══ Provided material ══

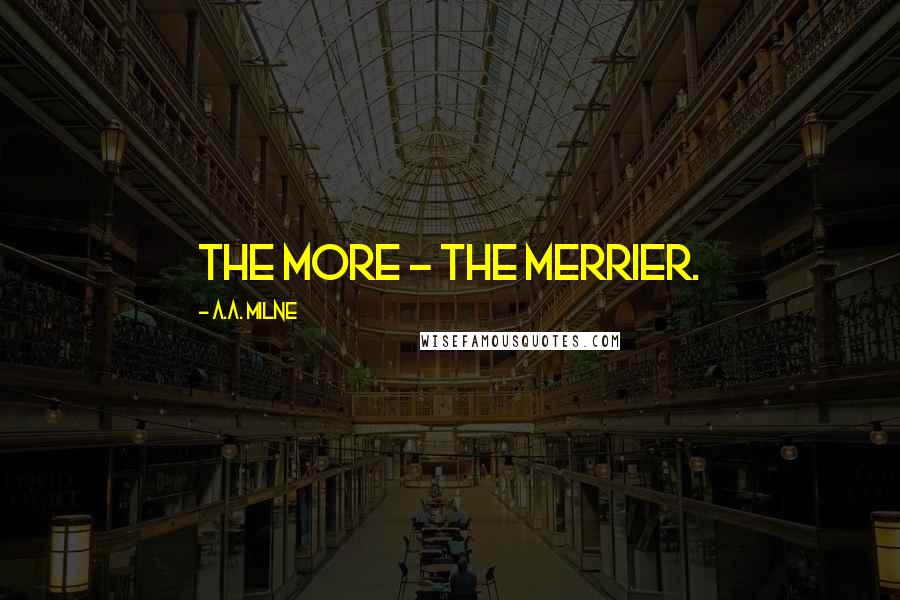 A.A. Milne Quotes: The more - the merrier.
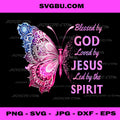 Blessed by God Loved by Jesus PNG, Pink Butterfly Christian PNG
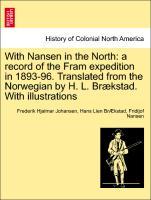 Bild des Verkufers fr With Nansen in the North: a record of the Fram expedition in 1893-96. Translated from the Norwegian by H. L. Brkstad. With illustrations zum Verkauf von moluna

═══

▶ Exercise brief:
Return the listing above word for word. Keep the images out.

▶ Result of this exercise:
 A.A. Milne Quotes: The more - the merrier.
 Blessed by God Loved by Jesus PNG, Pink Butterfly Christian PNG
 Bild des Verkufers fr With Nansen in the North: a record of the Fram expedition in 1893-96. Translated from the Norwegian by H. L. Brkstad. With illustrations zum Verkauf von moluna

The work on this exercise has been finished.